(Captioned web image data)
--------------------

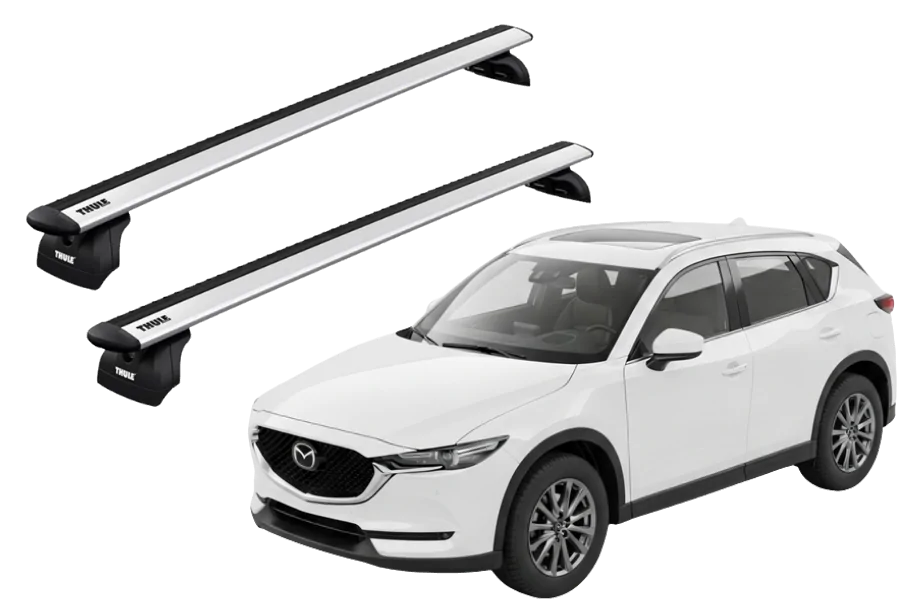 Barras THULE WingBar para autos MAZDA CX-5 desde 2017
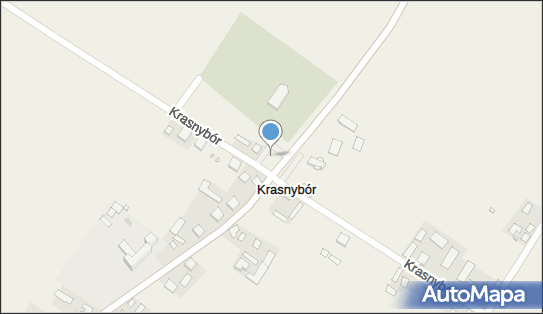 Parking, Krasnybór 46, Krasnybór 16-310 - Parking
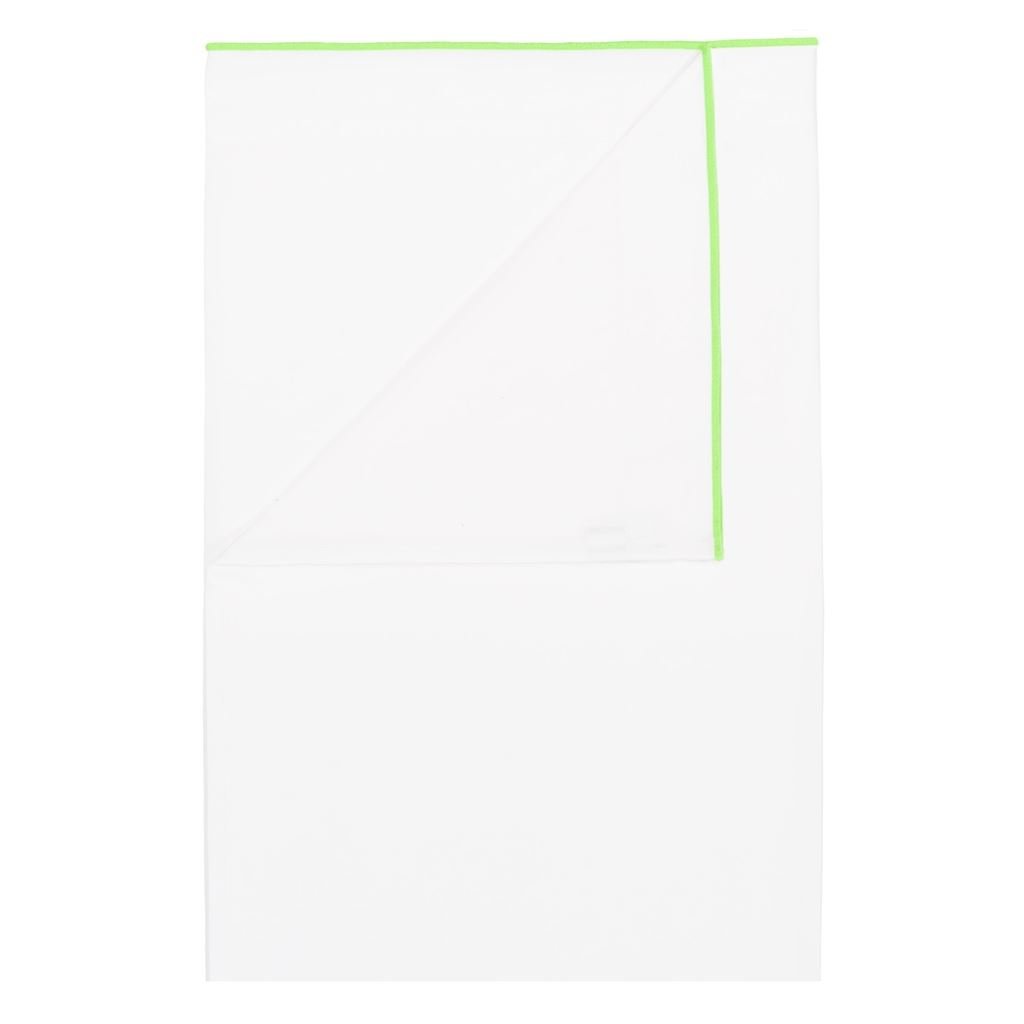 Astor Lime Double Flat Sheet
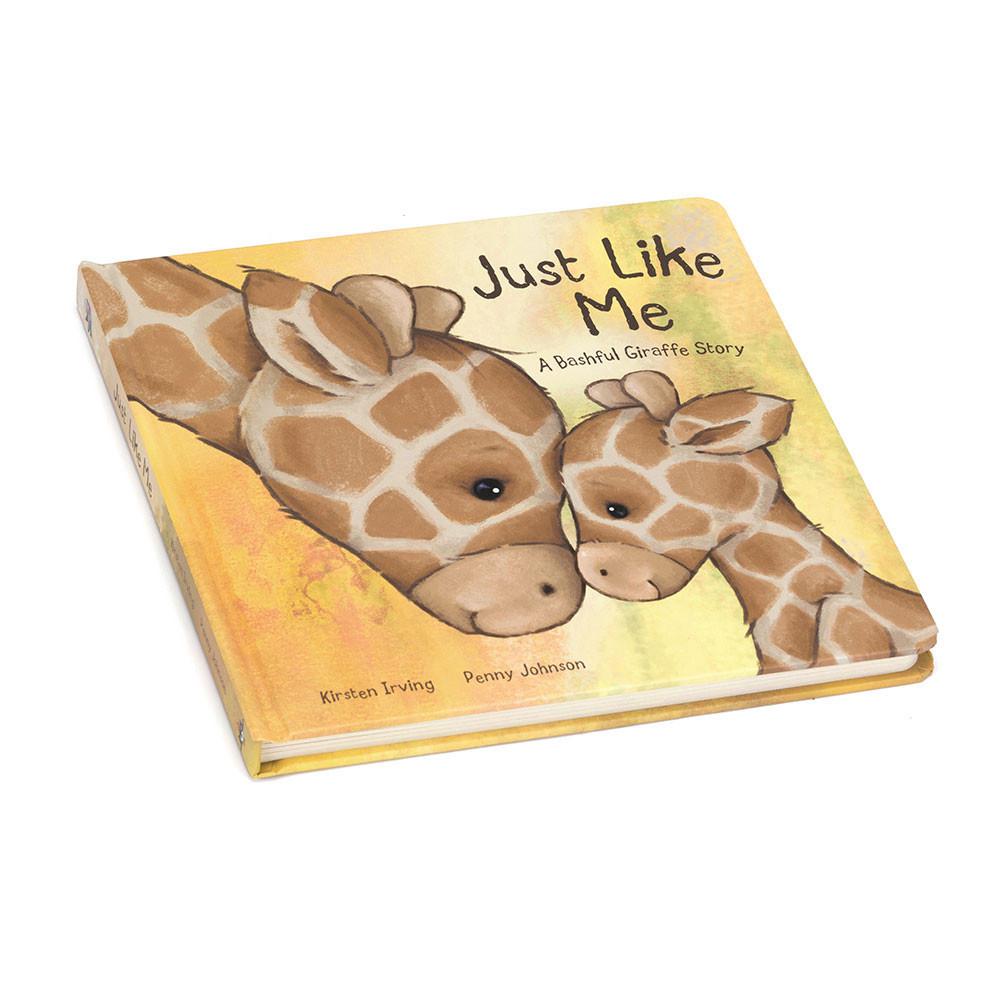 Książeczka Jellycat Just Like Me,21cm x 21cm x 2cm Żółte | Polska  RXHM-74081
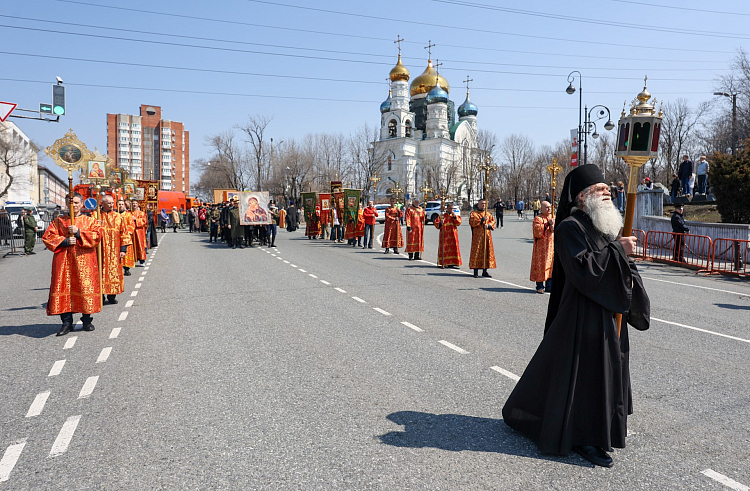 Жители шести муниципалитетов Приморья выйдут на Пасхальный крестный ход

--------------------

▶ [Task details] Each record above must be retyped exactly. Omit the pictures.

▶ [Completed exercise]
 Barras THULE WingBar para autos MAZDA CX-5 desde 2017
 Parking, Krasnybór 46, Krasnybór 16-310 - Parking
 Astor Lime Double Flat Sheet
 Książeczka Jellycat Just Like Me,21cm x 21cm x 2cm Żółte | Polska  RXHM-74081
 Жители шести муниципалитетов Приморья выйдут на Пасхальный крестный ход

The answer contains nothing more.